The sweet creamy slice of the mango cheesecake held firm on the cake cutter. The crisp, buttery graham cracker crust stayed together. I savored a forkful of this fruity heaven on a Filipino cheesecake. It was like a dream.
I’ve written it before and I’ll say it again. Dad always said “The best and sweetest mangoes are those that are tree-ripened”. How I wish I could harvest a fresh tree-ripened mango again one more time, the way I used to when we were kids. My late dad was the authority on agriculture and produce. He pioneered in farm to fork methods back in the Philippines, as a regular way of life.

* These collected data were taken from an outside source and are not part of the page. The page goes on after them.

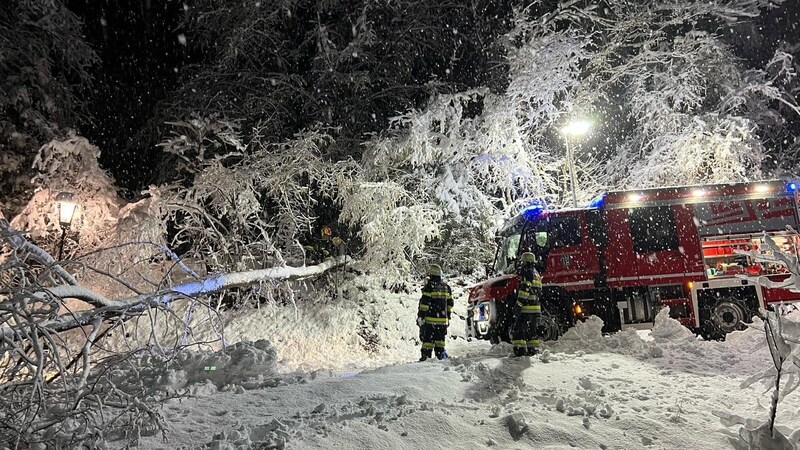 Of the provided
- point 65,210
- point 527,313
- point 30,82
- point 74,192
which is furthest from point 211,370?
point 30,82

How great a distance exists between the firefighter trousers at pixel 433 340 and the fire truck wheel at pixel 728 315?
16.6 ft

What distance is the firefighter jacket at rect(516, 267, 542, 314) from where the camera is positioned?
798 centimetres

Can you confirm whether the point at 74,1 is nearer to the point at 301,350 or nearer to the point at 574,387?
the point at 301,350

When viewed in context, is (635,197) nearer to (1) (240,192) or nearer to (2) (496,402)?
(2) (496,402)

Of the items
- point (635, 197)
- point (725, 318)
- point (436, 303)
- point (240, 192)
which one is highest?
point (240, 192)

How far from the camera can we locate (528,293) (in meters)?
8.02

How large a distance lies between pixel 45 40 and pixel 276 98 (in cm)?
686

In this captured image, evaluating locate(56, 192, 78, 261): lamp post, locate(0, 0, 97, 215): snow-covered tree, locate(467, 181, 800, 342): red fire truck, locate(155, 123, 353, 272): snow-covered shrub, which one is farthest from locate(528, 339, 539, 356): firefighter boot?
Answer: locate(0, 0, 97, 215): snow-covered tree

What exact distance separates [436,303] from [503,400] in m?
3.32

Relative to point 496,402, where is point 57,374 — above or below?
above

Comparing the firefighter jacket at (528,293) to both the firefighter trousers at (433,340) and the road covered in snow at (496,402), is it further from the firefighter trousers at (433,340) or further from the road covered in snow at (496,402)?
the firefighter trousers at (433,340)

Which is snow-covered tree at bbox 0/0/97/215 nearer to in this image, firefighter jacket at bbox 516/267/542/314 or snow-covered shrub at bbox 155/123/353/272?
snow-covered shrub at bbox 155/123/353/272

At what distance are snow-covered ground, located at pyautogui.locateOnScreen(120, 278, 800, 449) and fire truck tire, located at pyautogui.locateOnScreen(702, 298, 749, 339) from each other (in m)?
1.40

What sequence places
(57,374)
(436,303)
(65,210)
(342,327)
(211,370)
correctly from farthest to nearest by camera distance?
1. (342,327)
2. (65,210)
3. (436,303)
4. (211,370)
5. (57,374) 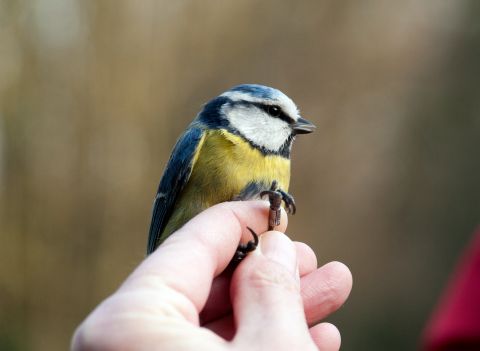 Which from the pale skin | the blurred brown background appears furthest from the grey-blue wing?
the blurred brown background

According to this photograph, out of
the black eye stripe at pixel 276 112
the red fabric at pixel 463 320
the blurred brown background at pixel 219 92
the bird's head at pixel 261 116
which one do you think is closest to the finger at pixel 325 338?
the red fabric at pixel 463 320

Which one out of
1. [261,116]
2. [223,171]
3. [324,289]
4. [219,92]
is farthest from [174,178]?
[219,92]

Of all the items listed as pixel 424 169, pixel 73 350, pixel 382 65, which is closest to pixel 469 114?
pixel 424 169

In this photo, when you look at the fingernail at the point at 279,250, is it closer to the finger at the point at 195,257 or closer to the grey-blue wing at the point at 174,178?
the finger at the point at 195,257

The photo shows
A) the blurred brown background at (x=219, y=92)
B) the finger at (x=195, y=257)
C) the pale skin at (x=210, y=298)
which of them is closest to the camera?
Answer: the pale skin at (x=210, y=298)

As for mangoes,the Philippines’ national fruit, we had trees in our yard and our farm for generations before me. Nobody else knew the fruit the way Dad did. I miss his reminders about how to harvest a good one, how to store them, how to slice it.These were the little things that I took for granted as a child, but have stayed like a permanent imprint on my subconscious filed under “Mangoes: Good to Know This”.
Yesterday was my late dad’s birthday. I thought of him as I arranged the fresh ripe golden mangoes in my fruit bowl at the dining table. I held up one big giant Ataulfo mango, sniffed its fragrance, felt its soft ripeness and I knew this one would be superb on a cheesecake.
So I quickly retrieved my basic cheesecake recipe. It was a simple one-piece cream cheese concoction I had devised a long time ago – more out of desperation because I had ran out of ingredients and decided the short list will do fine.
I mixed in a fresh pureed mango, topped the fresh slices on the already done cheesecake and even poured some mango glaze syrup all over it. The result was mango-marvelous. If dad were still with us today, I would have loved to make this for him on his birthday. But in his absence, I’ll live in the present and take the mango-memories of everything he taught me about my favorite fruit. Happy Birthday, Dad!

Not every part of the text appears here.